Exercise goal:
From the line below containing "Jeffrey Epstein in" to the final line, print each line exactly as written. No pictures belong in the copy.
___ Material for this exercise
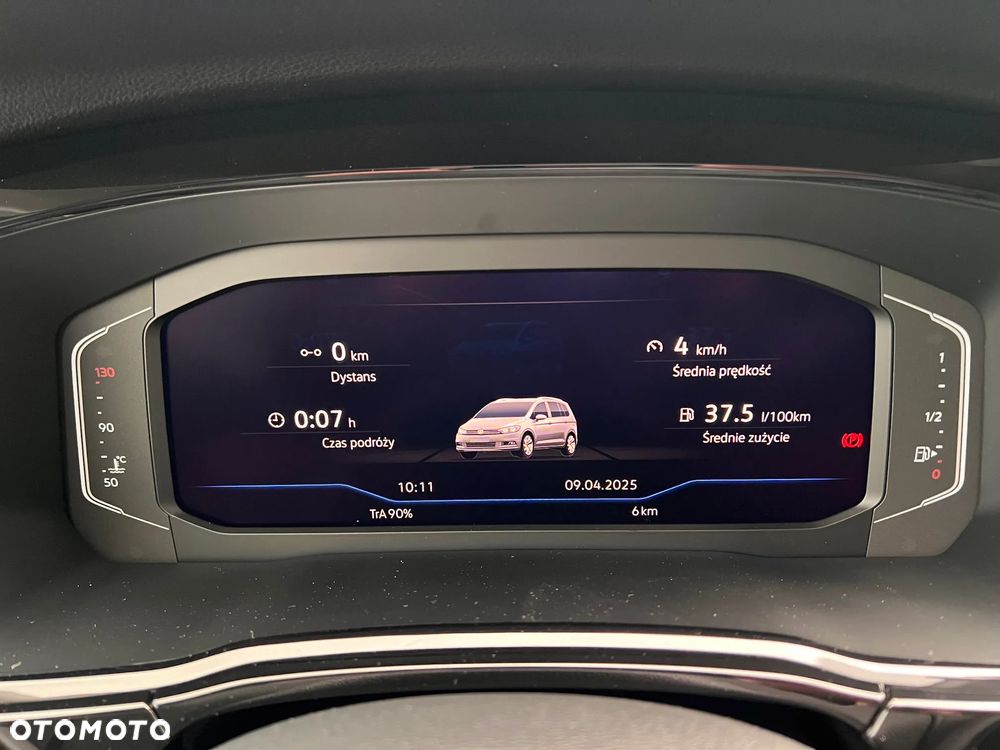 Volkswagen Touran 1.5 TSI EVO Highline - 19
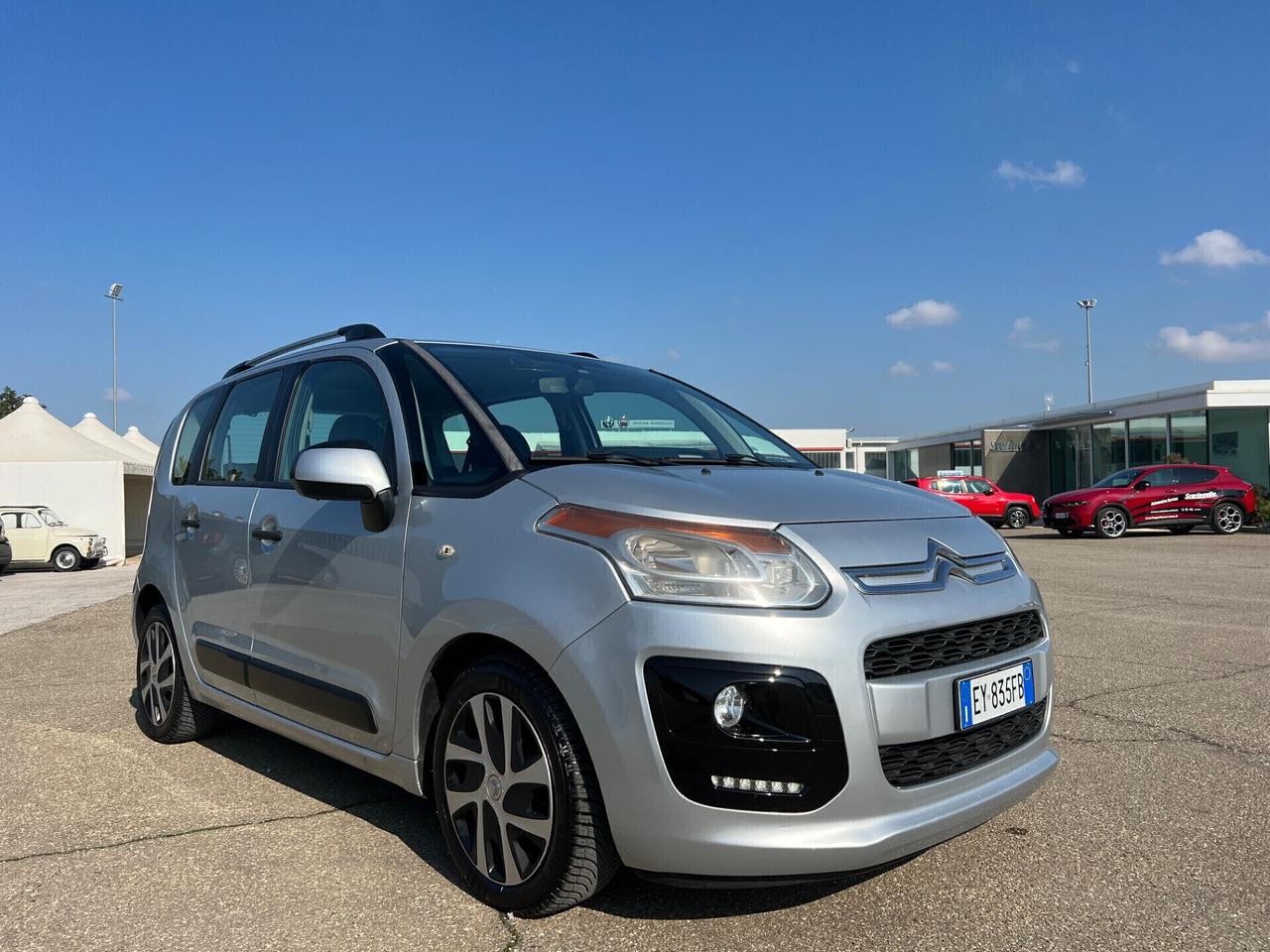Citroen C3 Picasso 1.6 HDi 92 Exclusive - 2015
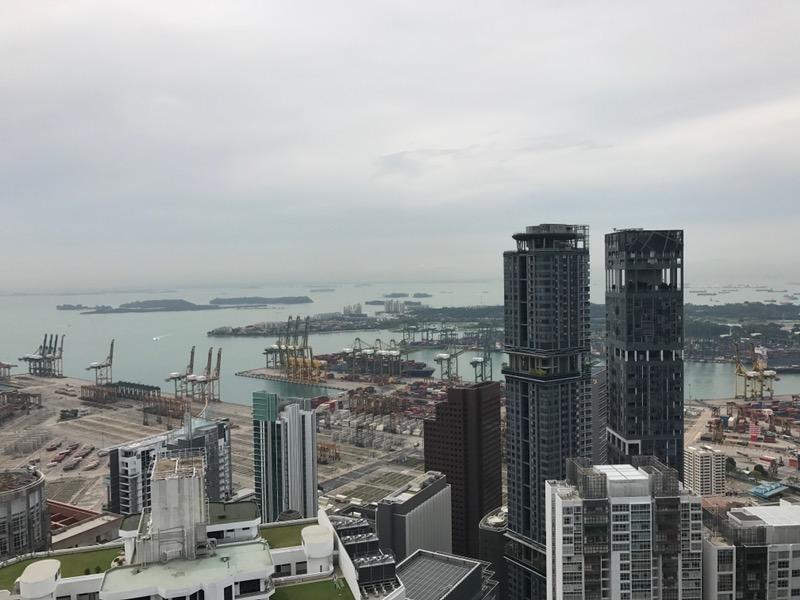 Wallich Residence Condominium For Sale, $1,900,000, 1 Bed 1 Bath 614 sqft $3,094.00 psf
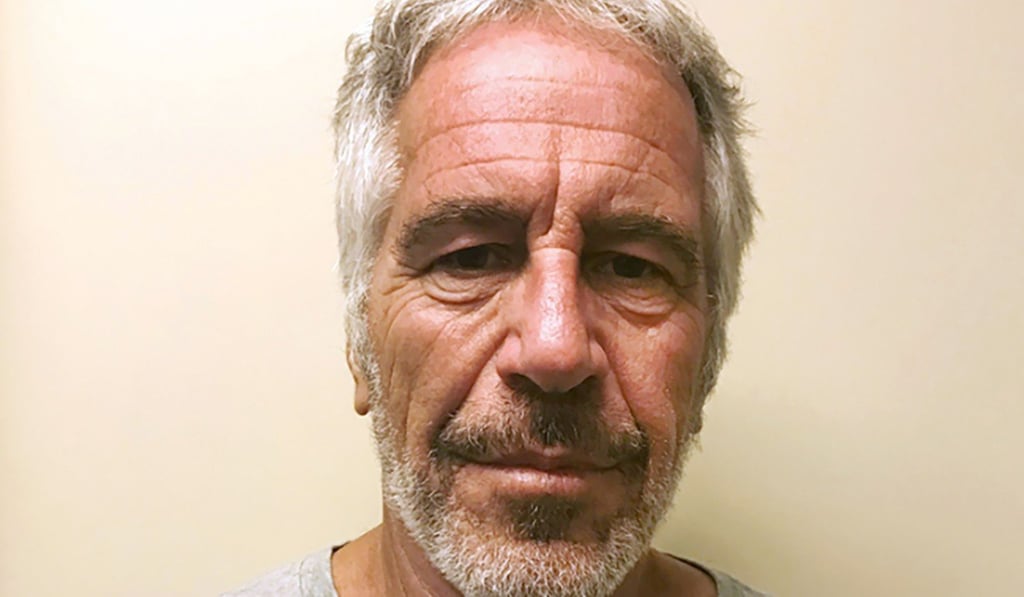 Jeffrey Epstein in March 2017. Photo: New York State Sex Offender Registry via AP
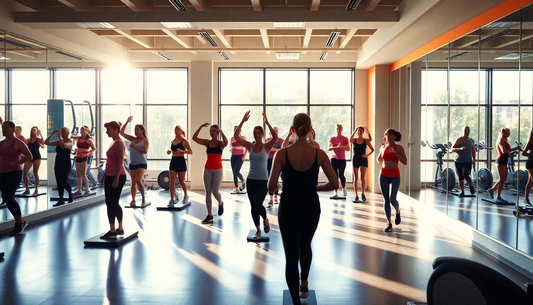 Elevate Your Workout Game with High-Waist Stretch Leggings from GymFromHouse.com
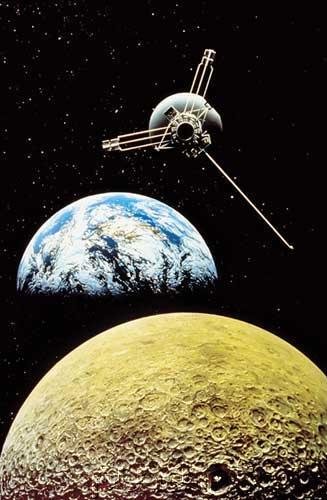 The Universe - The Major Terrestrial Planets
______
Answer to this task:
 Jeffrey Epstein in March 2017. Photo: New York State Sex Offender Registry via AP
 Elevate Your Workout Game with High-Waist Stretch Leggings from GymFromHouse.com
 The Universe - The Major Terrestrial Planets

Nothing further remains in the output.